Hemp, hazelnuts, oats, turnips, alfalfa, Kernza … there’s a sizable menu of plants to grow for vegetative cover in fields, but much more needs to be done to protect the state’s soil and groundwater from contamination by nitrogen fertilizer.
That’s the upshot of a new report on vegetative cover in Minnesota released by the state Department of Agriculture. It comes as the state fights a nitrate contamination crisis linked to commercial fertilizers and overuse of manure on traditional row crops of corn and soybeans.
“Increasing vegetative ground cover is an important strategy to help protect water and soil resources,” the authors said.
An appendix of the report includes links to more than a dozen grant and loan programs farmers can tap for help exploring new practices.
Researchers surveyed farmers and industry professionals in three parts of the state where the groundwater is highly vulnerable to nitrate contamination: the southeast, southwest and central sands area. Drinking water with elevated levels of nitrate has been linked to potentially serious health problems, particularly for infants younger than 6 months.
In an effort to improve water quality, the state agency is urging farmers to try to replace traditional row crops of corn and soybeans with perennials that don’t require tilling, for example, or to grow different plants offseason so they keep vegetation on the ground. Bare soil is vulnerable not only to erosion, but also to farm chemicals leaching into groundwater and drinking-water wells.
There’s a range of perennials and cover crops promoted for use as forage for grazing animals, cash crops if markets are better developed or simple cover for the ground offseason. They include annual oilseeds such as winter camelina and pennycress; root vegetables such as turnips and radishes; and small grains such as triticale, sorghum and oats for animal feed and food.
The University of Minnesota is developing other specialty crops such as hazelnuts, perennial sunflowers and an oilseed called silphium. Meanwhile, Kernza, a new type of versatile perennial wheatgrass, as well as camelina and pennycress “are being ramped up to field scale,” the report said.

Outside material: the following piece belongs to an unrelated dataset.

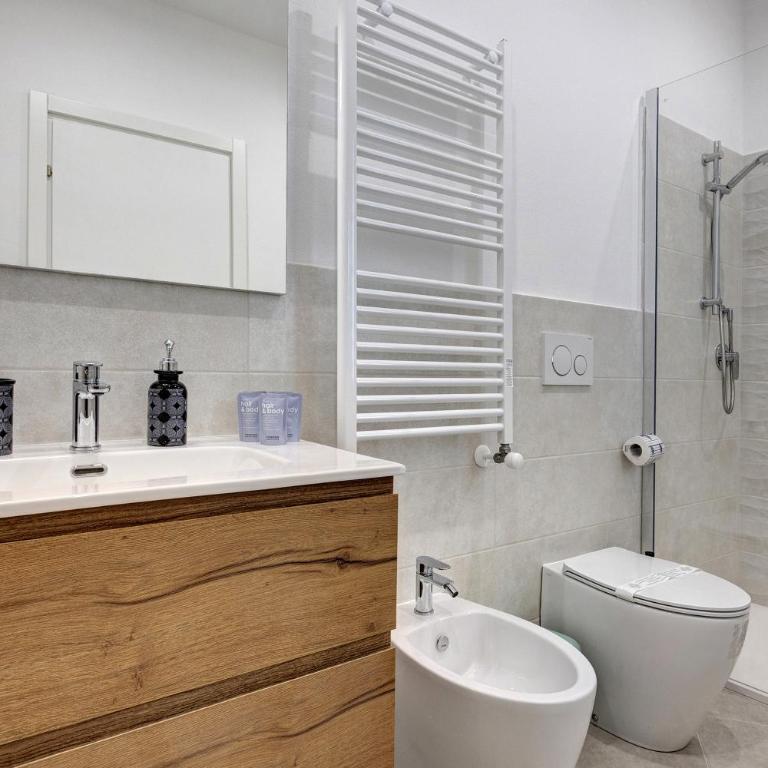 Apartaments Kero House - Appartamento Superior con 1 Camera da Letto e Balcone - 18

Kernza has been shown to cut nitrate leaching into groundwater, with its long root system.
Cover crops are “gaining traction” in the three areas, the report said, but still is grown on only 2 to 8% of the cropland in those three regions. Nearly three-quarters of the state’s cropland is planted with corn and soybeans, a monoculture that requires heavy chemical use and can leave the soil bare over winter.

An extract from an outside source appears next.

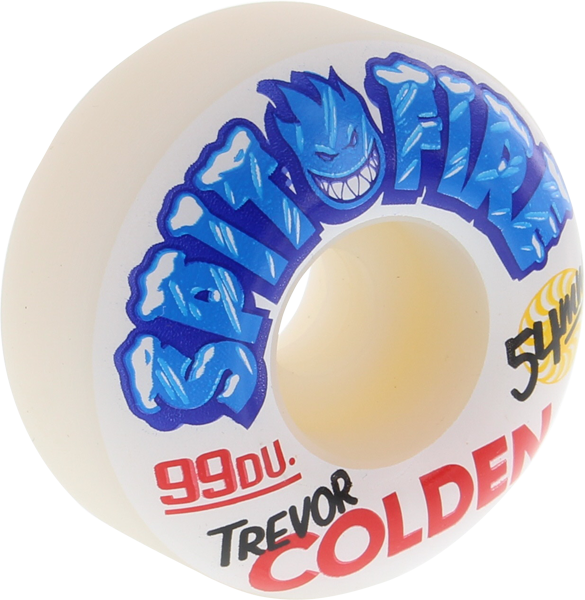 Sf Colden Ice 54Mm White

The report notes that the increase in small craft brewing could increase demand for locally grown malting barley. Likewise, there’s a growing market for pet food for small herbivores, it said, such as guinea pigs who thrive on timothy grass.
There are plenty of obstacles. For example, the report notes supply chain bottlenecks of equipment to cultivate and harvest alternative crops to corn and soybeans. And farmers need to know there’s a buyer for their product or they are less likely to plant alternatives. Minnesota’s short growing season also presents a challenge.